Любовь - только слово | страница 27
— Ну, двести двадцать мне удавалось выжать.
— Вы подвезете синьору?
— С удовольствием.
— Замечательно. — Он шепчет ей что-то на ухо, мне удается услышать лишь конец фразы: «…он только выедет из Франкфурта, а ты уже будешь во Фридхайме».
Свое «ты» он прошептал, но недостаточно тихо. Кто же должен выехать из Франкфурта? Что они, хитрецы, замышляют?

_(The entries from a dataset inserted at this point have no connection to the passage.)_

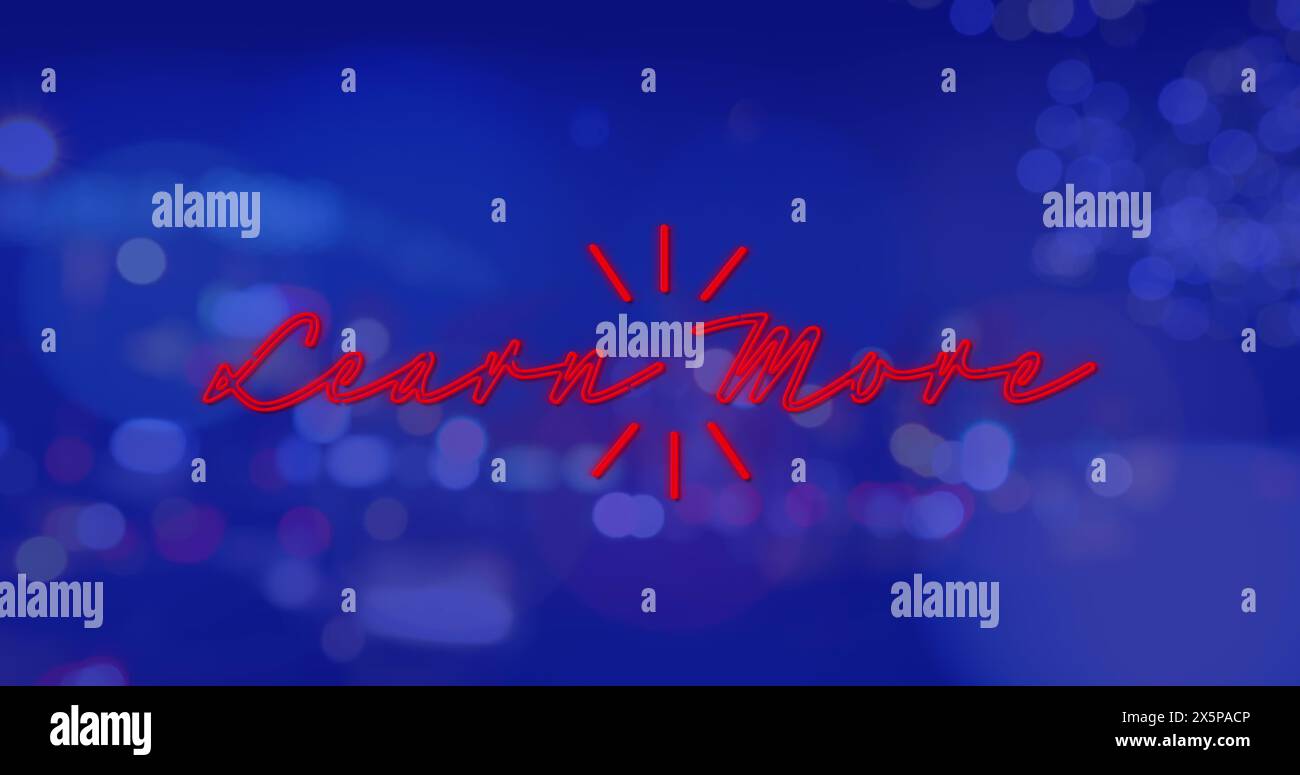 Image of learn more neon text banner against night city traffic Stock Photo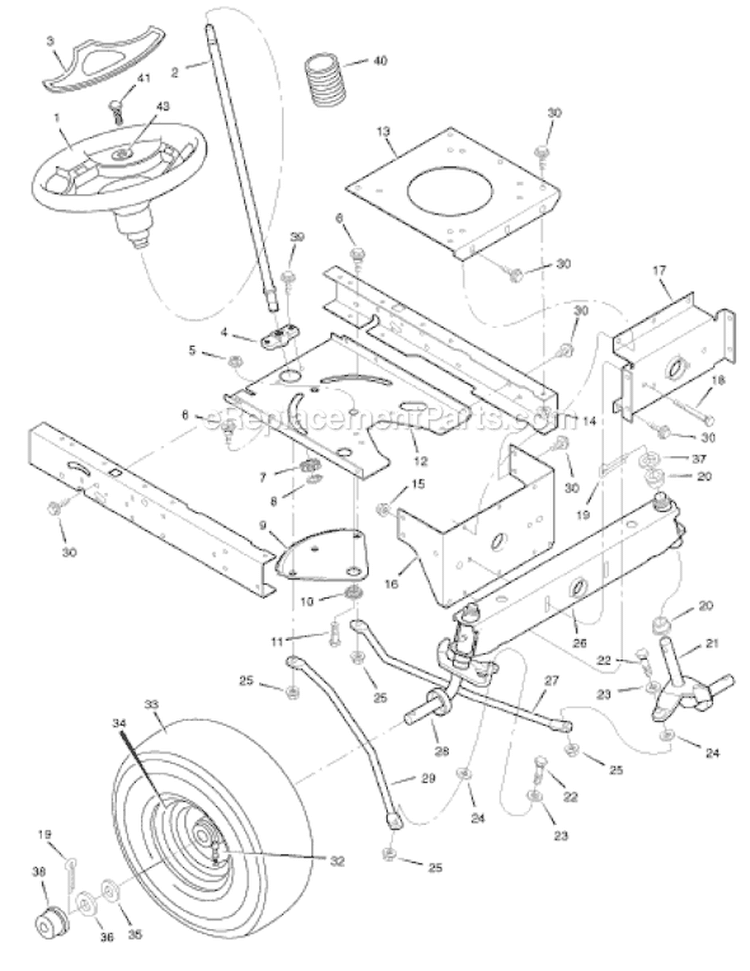 Page H Diagram and Parts List for 405606X50C  Murray Lawn Tractor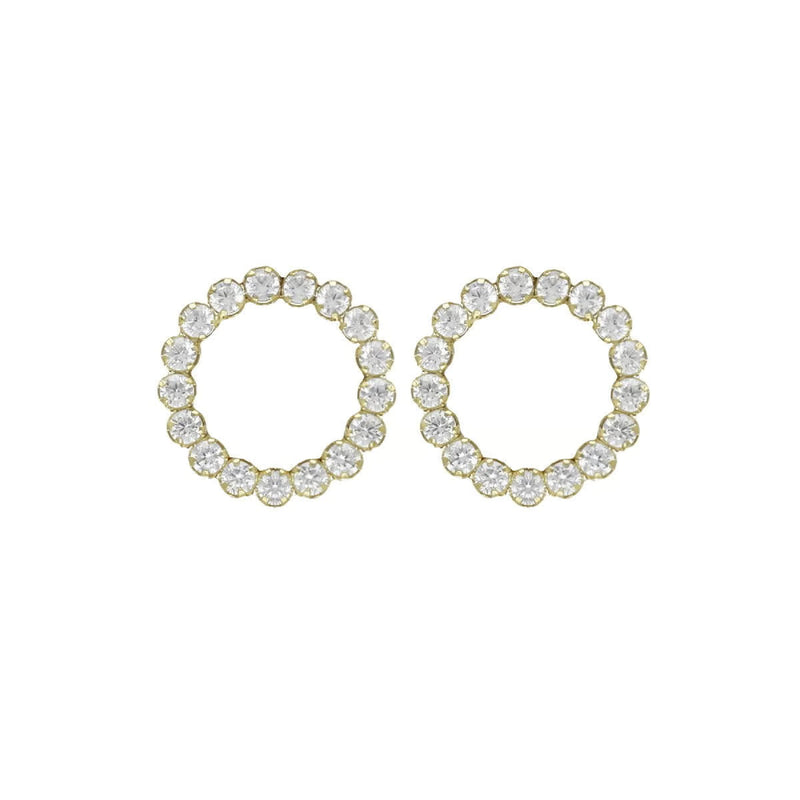 Pendientes cortos círculo color blanco bañados en oro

Не пойму, что это я так размяк? Она что, моя подружка? Поэтому я нагло замечаю:
— Если мадам торопится к супругу домой…
Она бледнеет, смотрит на меня не отрываясь и бормочет:
— К супругу…
— Или к любимому братцу. Здесь ведь никогда точно не угадаешь? — Я несу такую чушь, когда вдруг становлюсь сентиментальным.
— Послушайте, — начинает она, — я вас совсем не знаю. Вы были так любезны, что согласились меня подвезти. Но теперь я ни под каким видом…
Парень тихонько толкает ее локтем. Она тут же замолкает. Мы с ним, видимо, придерживаемся одинакового мнения на сей счет. Я говорю:
— Понятно. Я хорошо вас понимаю. Очень хорошо. Я обидел вас. Тысяча извинений, госпожа Лорд.
— Вам известно мое имя?
— И не только имя!
— Что это значит?
— Потом объясню. Давайте сначала поедем.
— Я не сяду, пока вы не объясните мне, что все это значит!
— Вы должны поехать с ним, — говорит этот, с бородкой.
— Я тоже так думаю, — замечаю я.
— Может быть, вы шантажист? — шепчет она.
— Может быть.
Я чувствую себя уверенно.
Мужчина делает шаг вперед, хватает меня за рукав и тихо говорит:
— Я вас предупреждаю. Если вы хотите воспользоваться ситуацией, то имейте в виду: я вас найду, где бы вы ни были, и тогда…
— Нет, — сказал я.
— Что нет?
— Отпустите рукав моей любимой куртки. Я этого не люблю.
Но тут я просчитался. Он не отпускает рукав, а усмехается, и глазки становятся злыми:
— Мне все равно, что вы любите или не любите, господин Мансфельд.
— Мансфельд? — произносит она.
Куда только девается моя уверенность?..
— Мансфельд? — переспрашивает она.
— Свое имя он назвал в справочном бюро, синьора. Его отец тот самый Мансфельд.
— Мансфельд? — повторяет она.
Эта собака, мой отец.
— Мы можем довериться господину Мансфельду, — считает красавчик. — Он джентльмен. При таком папочке человеку не остается ничего, кроме как быть джентльменом.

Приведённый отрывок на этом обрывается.